THE “KERIAH” RIBBON
THE LAWS GOVERNING the tearing of the garments at the death of a relative (keriah) are detailed, extensive, and very strict. In the Shulchan Aruch, they occupy an entire large section of thirty-nine subdivisions ( YoreDeah 340). There the law is given that whoever is present at the death of a worthy Israelite must tear his garments. Even if not present at the death, relatives must tear their garments for the seven relatives for whom they are in duty bound to observe mourning. For a parent the laws are stricter than for other relatives. While for other relatives it is sufficient if one garment is torn, for a parent all the garments must be torn until the heart is exposed.
With all these strict detailed laws, it seems strange that it has become customary among modern Orthodox in America not to tear the garments at all, even for the death of a parent. It is now a widespread custom in many (modern) Orthodox funerals for the undertaker to pin a small bit of black ribbon (about four inches long) onto the garment of the mourners and to cut that ribbon in lieu of keriah. Greenwald, in his compendium of mourning laws, is shocked at this new custom. He calls it “a mockery and a joke,” and he blames it on the undertakers, who, he says, violate the old laws and make laws for themselves.
Yet, although this black keriah ribbon is a mere evasion of the required tearing of the garments, nevertheless questions of observance and proper usage have already begun to cluster around it. People ask for guidance as to how long the ribbon should be worn. Should it be transferred from one garment to another during the week of shiva, or during the thirty days of mourning, shloshim?
Of course there can be no definite answer to these questions because they are based upon a new American usage which all Orthodox authorities would scorn (as Greenwald did) as an avoidance of the basic religious obligation. Nevertheless, evidently rabbis are groping about for answers to the questions that are now being asked of them in this regard.

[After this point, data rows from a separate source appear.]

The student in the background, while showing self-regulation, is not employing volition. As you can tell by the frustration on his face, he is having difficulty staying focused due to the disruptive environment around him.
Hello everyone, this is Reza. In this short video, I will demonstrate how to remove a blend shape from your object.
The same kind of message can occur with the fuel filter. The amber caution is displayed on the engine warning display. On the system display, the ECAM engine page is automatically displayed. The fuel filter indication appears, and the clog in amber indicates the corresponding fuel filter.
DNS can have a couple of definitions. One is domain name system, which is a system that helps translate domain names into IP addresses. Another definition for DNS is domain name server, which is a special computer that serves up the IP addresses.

If an answer can be given at all, it must be based upon the distinction which the laws of keriah make between the keriah observance for parents and the observance for other deceased relatives. For parents, if during shiva the mourner changes from one garment to another, he must tear this second garment, but for the other relatives one need not do so. So one might answer, then, that if it is a mourning for parents, the ribbon should be transferred from one garment to another during the mourning period.

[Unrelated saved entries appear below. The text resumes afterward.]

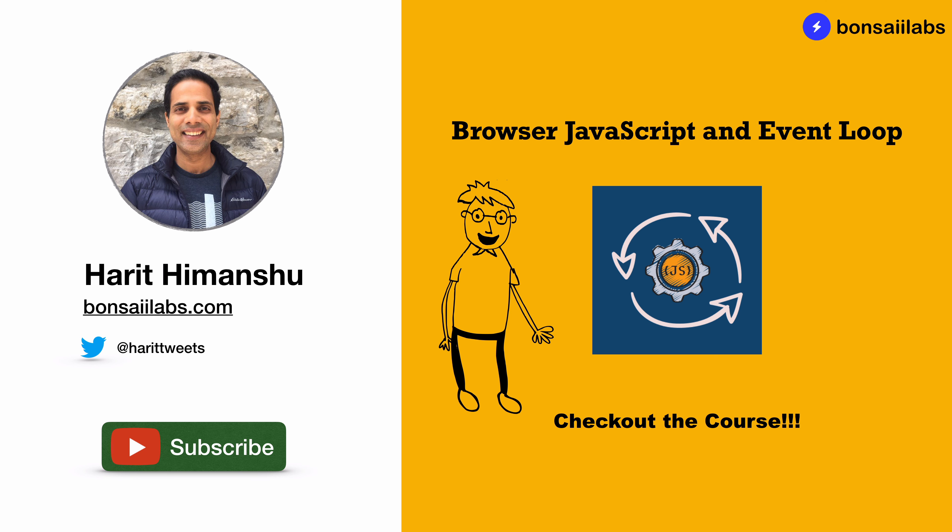This course educates on how JavaScript is executed behind the scenes and will cover various topics such as execution context and event loop. You will have the opportunity to visually see every step of JavaScript code execution. Check out the course link in the description below to learn more about the course and let us know if you have any questions. Keep learning and see you next time.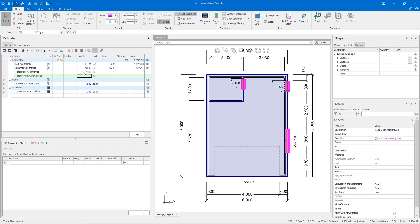If I push enter now, you'll see we have 9.8 metres of architraves, but we're still not there yet. We need to consider the fact that our architraves are framing the door, and all we've utilised so far are the door heights and door width. So we can add a little bit more to this formula.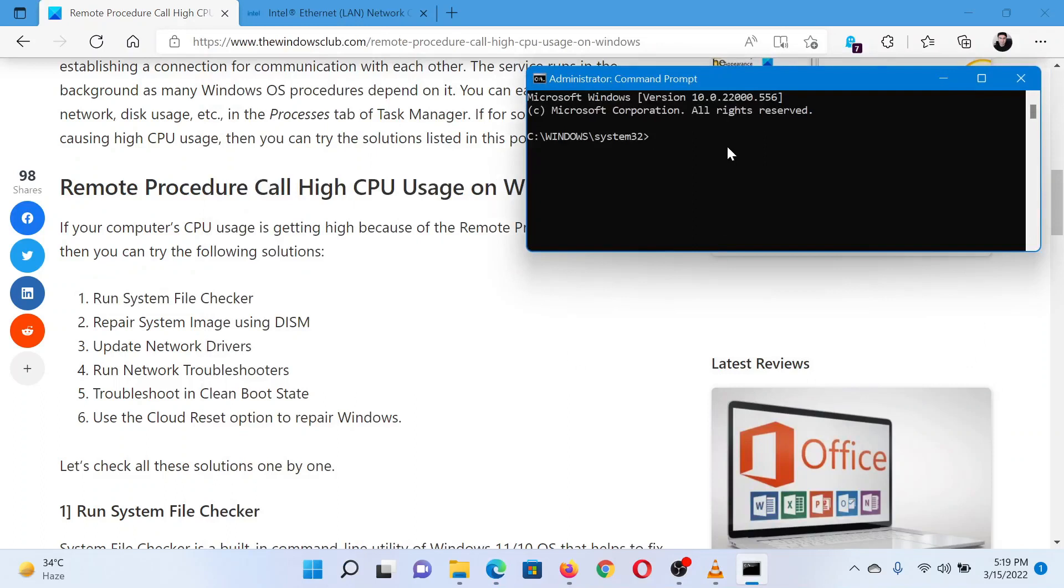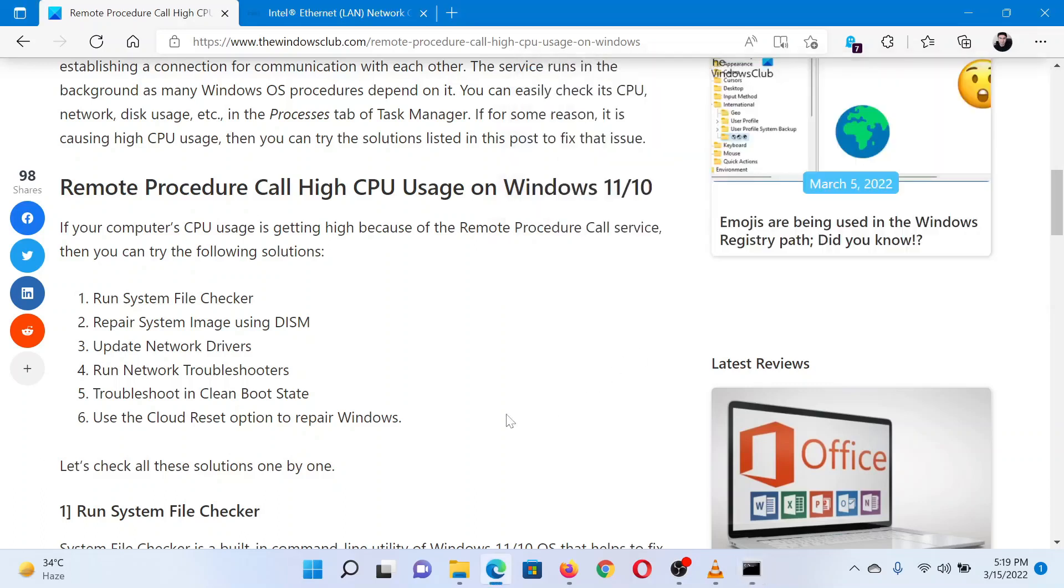In the elevated Command Prompt window, type the command SFC /scannow and hit Enter to invoke the SFC scan. Reboot the system once the scan is completed.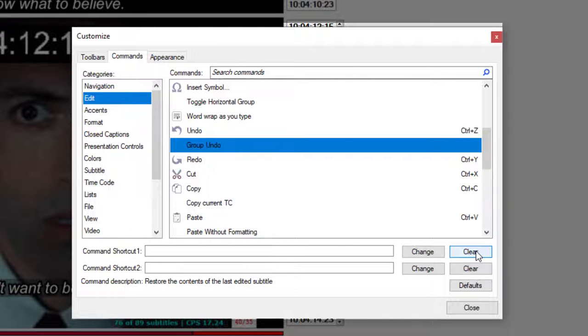I have successfully removed the Group Undo keyboard shortcut from my EasyTitles.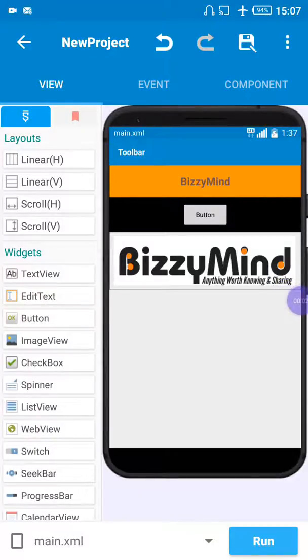Hello everybody, welcome to Busy Minds Tutorials and Reviews. Today we want to learn how to add a scroll bar in our Android application using Sketchware. You can see on my screen that's my Busy Mind logo, and under it you can see the white blank background.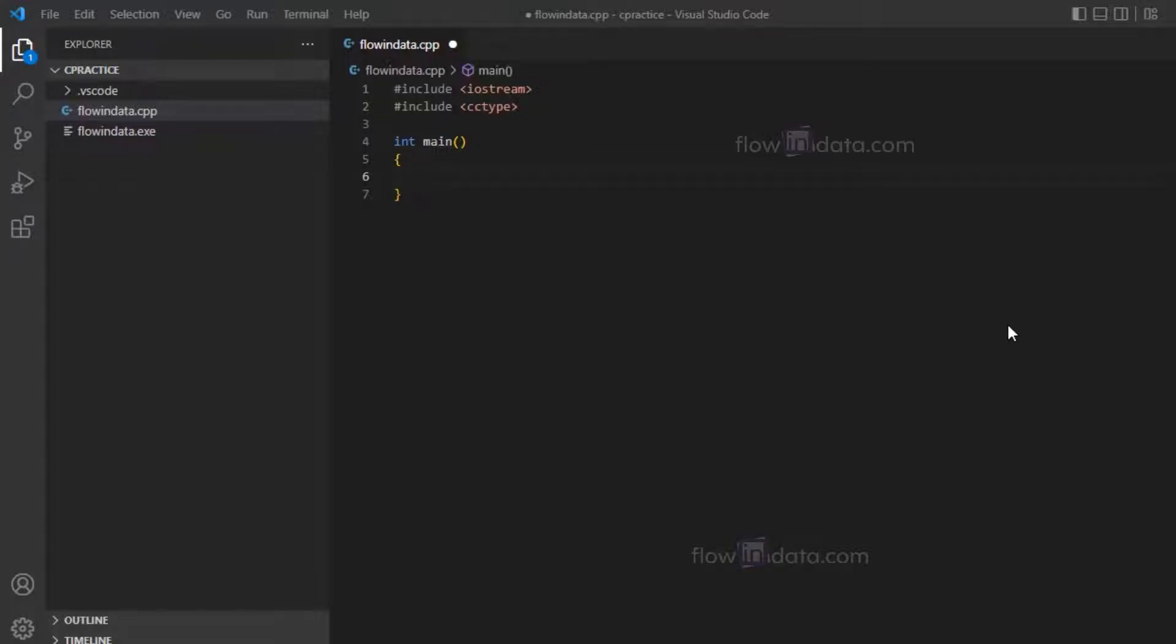Hey everyone, today we are going to use the isalpha function to check whether a character is alphabet or not in C++. For the isalpha function, we need to include the cctype header file.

And people also ask how long the ribbon should be worn. That, too, may be answered by analogy. For all other relatives the tear may be basted up after seven days (and permanently sewn after thirty days). But for one’s parents, one may not even baste it until after thirty days. Thus one might extend this to apply to the ribbon and say that the ribbon, when mourning for a parent, should be worn for thirty days and for other bereaved for seven days.
But it must be understood that all the above suggestions are merely theorizing on the basis of analogy. The whole use of the ribbon, instead of actual tearing of the garments, is brushed aside as meaningless by Orthodox authorities.